Democratic Cincinnati Mayor John Cranley apologized on Thursday for issuing a proclamation honoring a man who ambushed and killed a police officer.
The proclamation was approved by a new staffer and has since been retracted, CBS News reported.
The mayor's office issued a proclamation designating June 1 "Tre Day," in honor of Trepierre Hummons. Hummons shot and killed Officer Sonny Kim in 2015 before being gunned down by another officer. Police officers described the incident as "suicide by cop."
The mayor's office said the proclamation request came from Ronald Hummons, Trepierre's father.

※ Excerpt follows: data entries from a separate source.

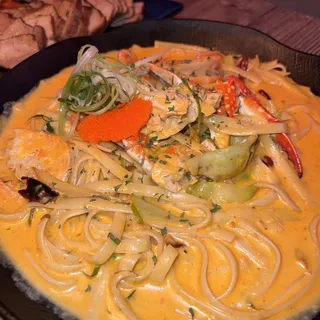 Spicy Seafood Creamy Pasta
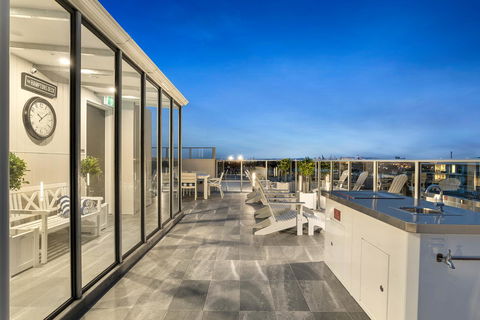 The Hamptons Apartments - Port Melbourne - Tourism Canberra 18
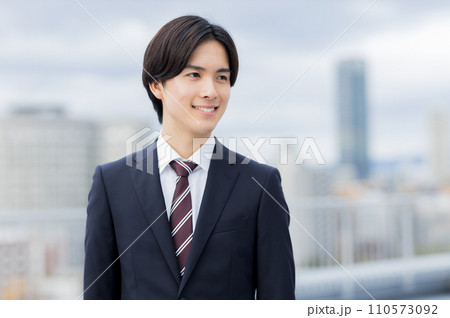 リクルートスーツの若い男性 就活 新入社員 リクルートスーツの若い男性 就活 新入社員 110573092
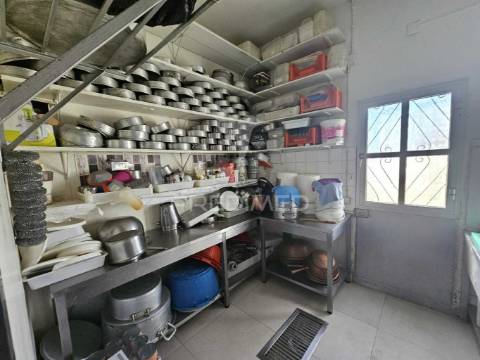 Trespasse de pastelaria- fabrico próprio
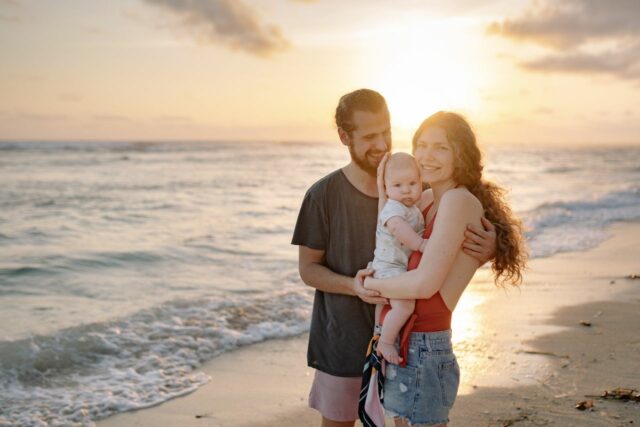 bébé plage soleil mer sécurité-Baby journal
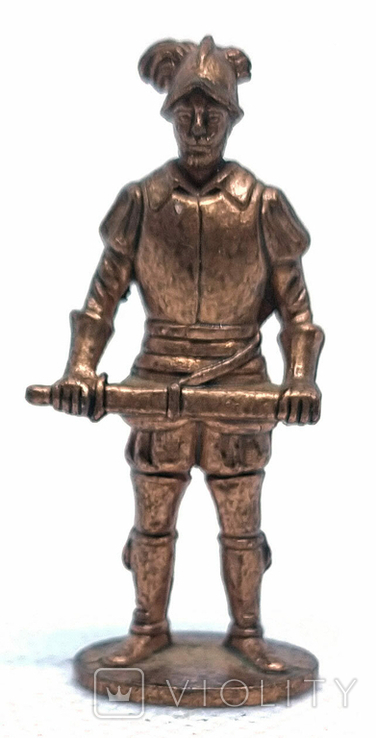 Киндер фигурка металл Пикинер с набора 1970х годов Солдаты 14-16 столетия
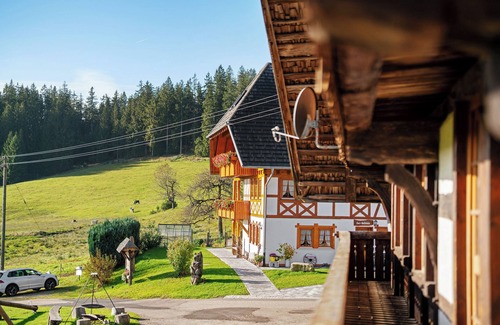 Hornberg House | Holiday Home 'Krährbauernhof Mit Eventraum 3 Fewo' with Mountain View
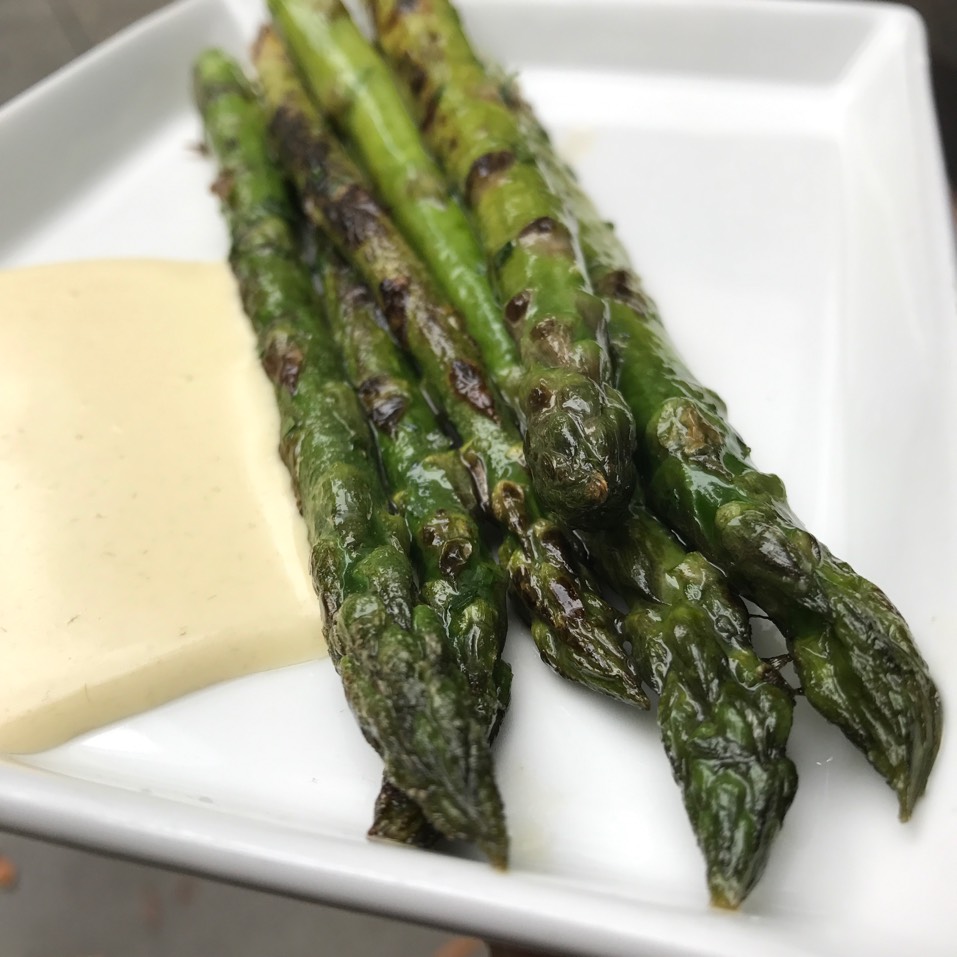 Esparragos A La Pancha (Grilled Asparagus) from Amada (CLOSED) on #foodmento http://foodmento.com/dish/40929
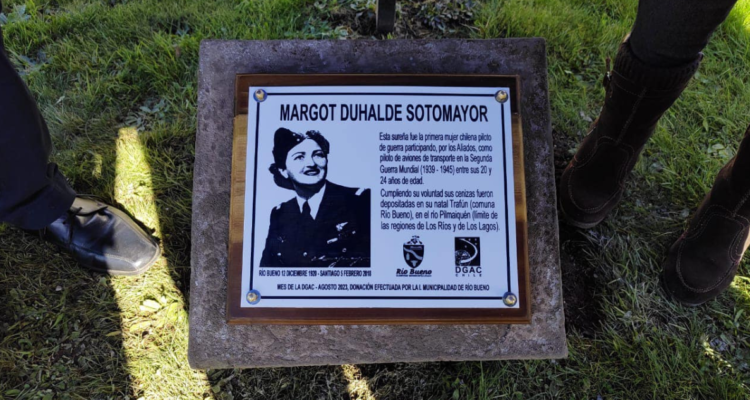 Instalan placa en honor a Margot Duhalde en aeródromo de Osorno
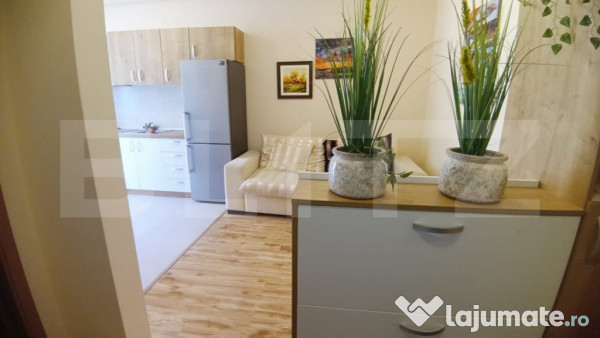 Apartament cu 2 camere , de vanzare, etaj intermediar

The proposal did not give his son's full name and framed his death as a mental health issue.
The mayor's communications director told CBS affiliate WKRC that she approved the proclamation using a stamp of the mayor's signature to "raise awareness of mental illness and child abuse."
Cranley personally apologized to Kim's widow for the error. He also visited the local Fraternal Order of Police to apologize to the police force.
"This was a huge mistake. It [was not] done intentionally. It was human error, but the buck stops with me," Cranley said tearfully.
Cranley's timing couldn't have been any worse: the mayor, who is up for reelection, was scheduled to speak at the Cincinnati Police Memorial Ceremony the following morning.